## YOUR INSTRUCTIONS
Please repeat, from the entries that follow, the lines from the one containing "Egg Shaped Blazer Gebroken Wit SHOEBY WOMEN" through the one containing "925 Sterling Silver" exactly, adding nothing.

Records drawn from a dataset
*** Block opens ***

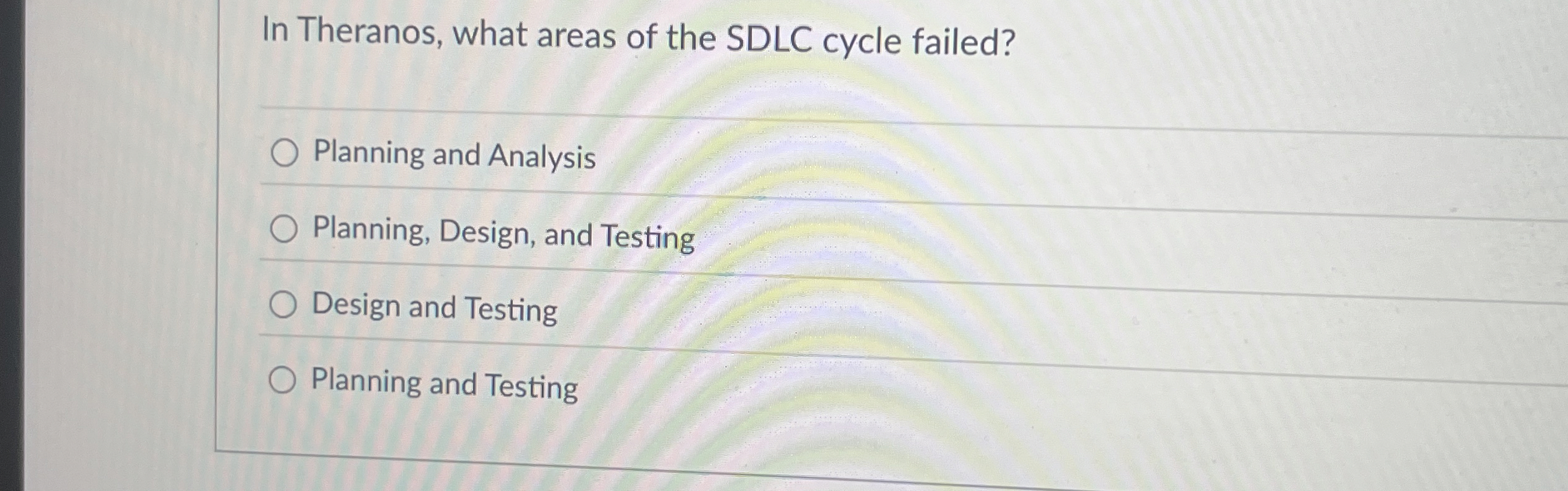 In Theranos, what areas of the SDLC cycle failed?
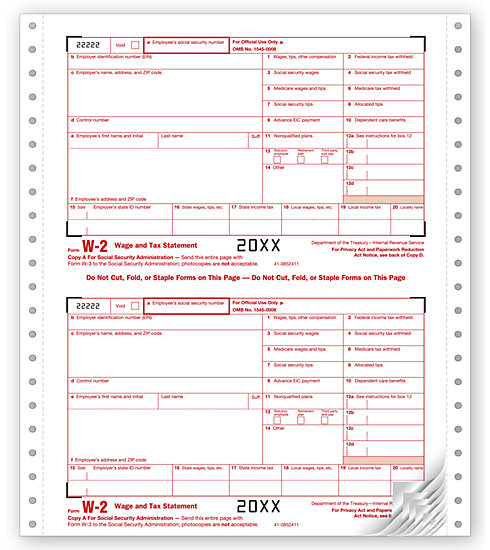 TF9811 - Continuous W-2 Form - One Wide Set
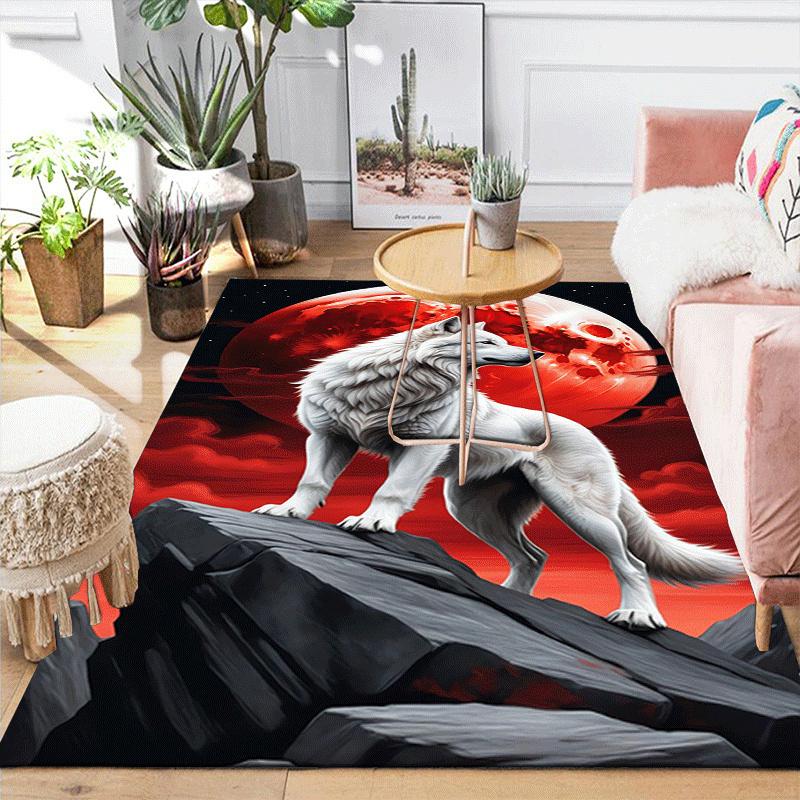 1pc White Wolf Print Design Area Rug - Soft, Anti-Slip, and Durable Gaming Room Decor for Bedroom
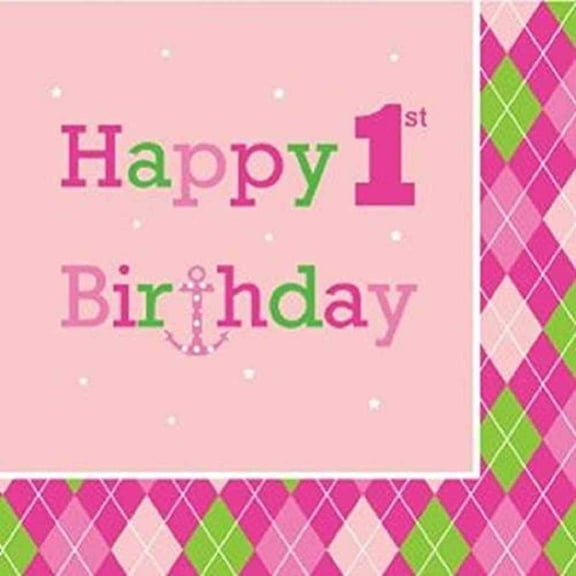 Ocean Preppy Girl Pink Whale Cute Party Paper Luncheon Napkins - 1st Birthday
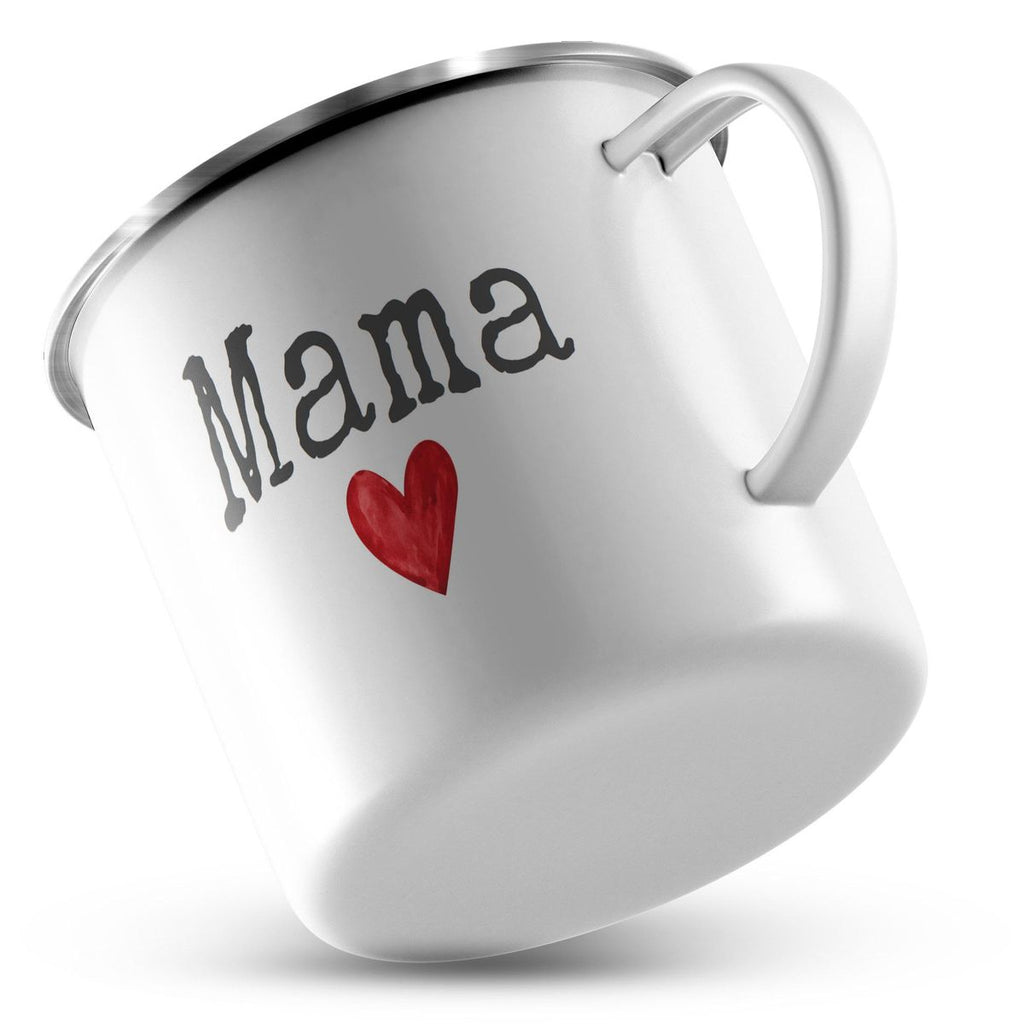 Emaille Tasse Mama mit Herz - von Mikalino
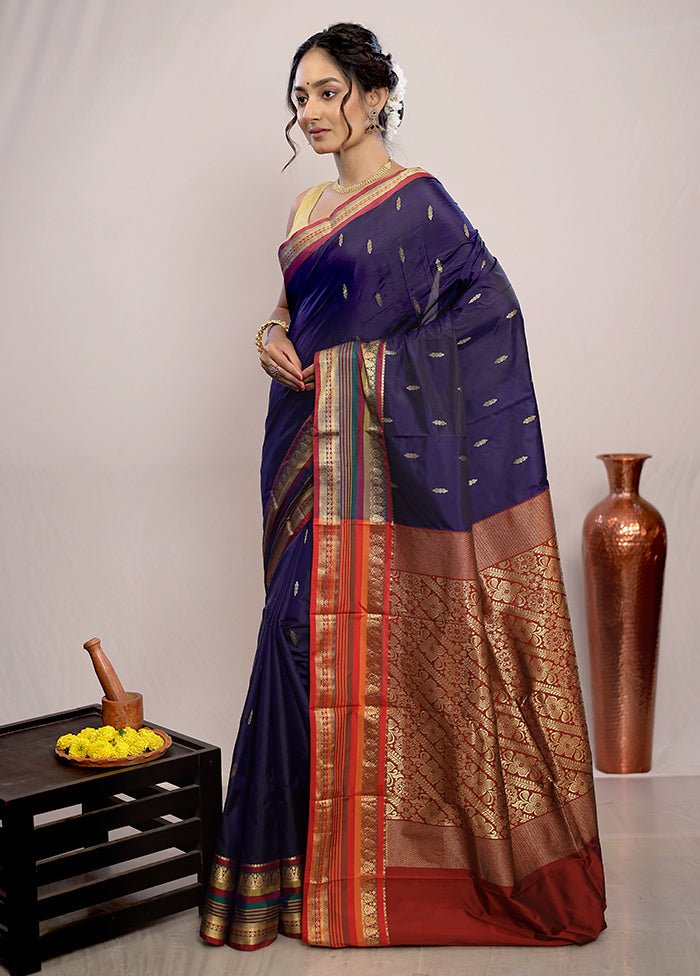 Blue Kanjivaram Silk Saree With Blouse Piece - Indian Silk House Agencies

*** Block closes ***
*** Block opens ***

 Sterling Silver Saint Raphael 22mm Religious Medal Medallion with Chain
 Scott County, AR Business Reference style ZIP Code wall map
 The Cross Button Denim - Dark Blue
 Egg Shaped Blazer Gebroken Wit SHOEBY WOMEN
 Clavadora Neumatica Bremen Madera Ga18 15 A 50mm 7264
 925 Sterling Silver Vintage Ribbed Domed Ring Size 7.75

*** Block closes ***

## EXERCISE OUTPUT
 Egg Shaped Blazer Gebroken Wit SHOEBY WOMEN
 Clavadora Neumatica Bremen Madera Ga18 15 A 50mm 7264
 925 Sterling Silver Vintage Ribbed Domed Ring Size 7.75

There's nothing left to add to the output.